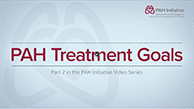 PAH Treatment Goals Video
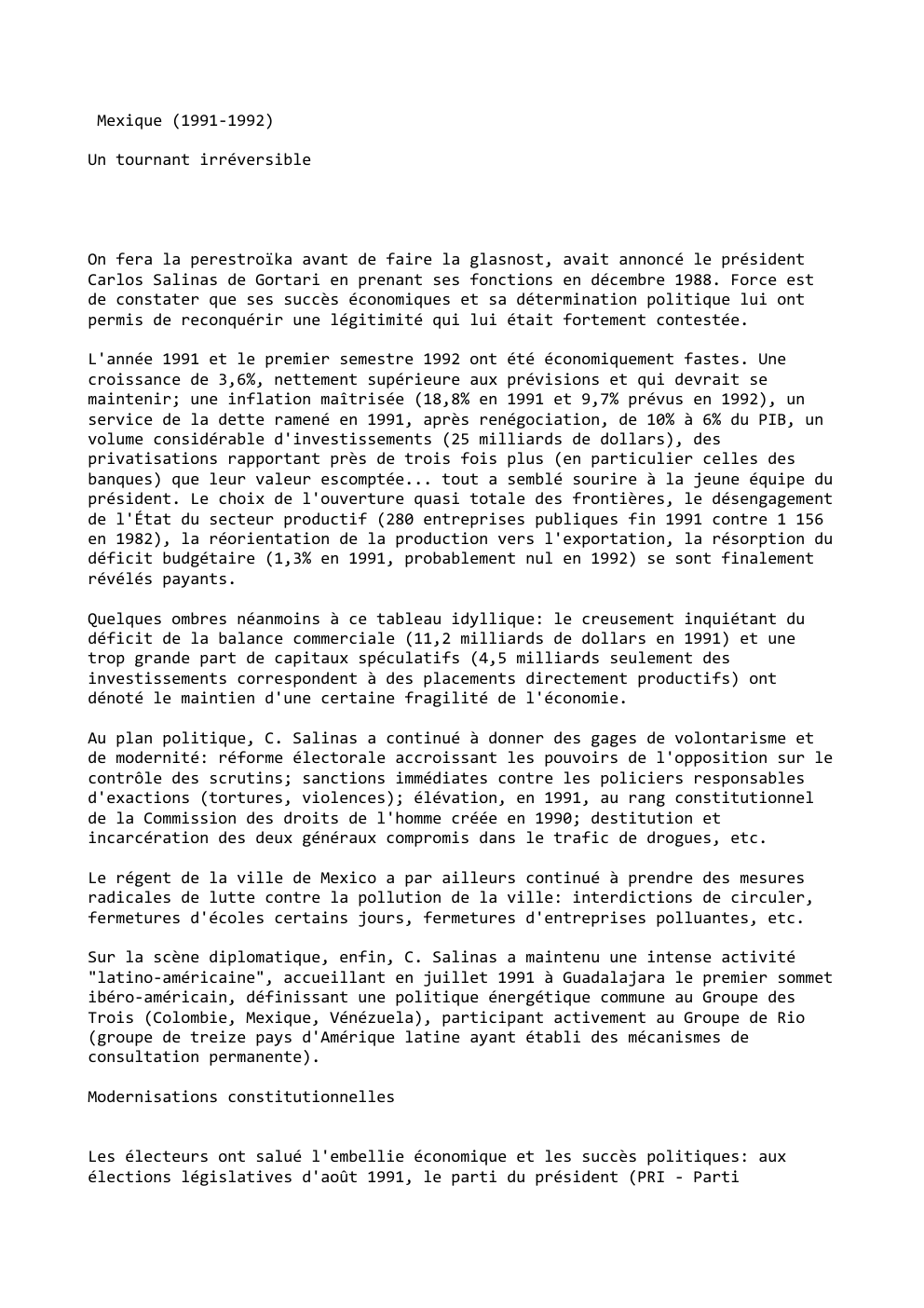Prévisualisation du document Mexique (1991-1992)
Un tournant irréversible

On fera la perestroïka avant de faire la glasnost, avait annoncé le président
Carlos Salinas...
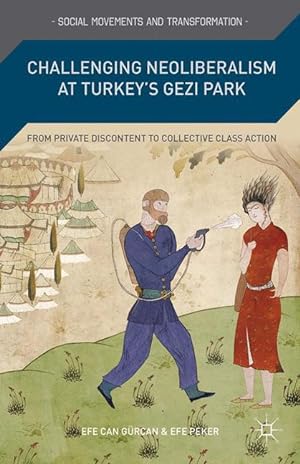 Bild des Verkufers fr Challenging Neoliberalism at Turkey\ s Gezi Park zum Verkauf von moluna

- [DIRECTIONS FOR THIS TASK]: Repeat each entry exactly as it appears; skip any picture.

- [WRITTEN REPLY]:
 PAH Treatment Goals Video
Prévisualisation du document Mexique (1991-1992)
Un tournant irréversible

On fera la perestroïka avant de faire la glasnost, avait annoncé le président
Carlos Salinas...
 Bild des Verkufers fr Challenging Neoliberalism at Turkey\ s Gezi Park zum Verkauf von moluna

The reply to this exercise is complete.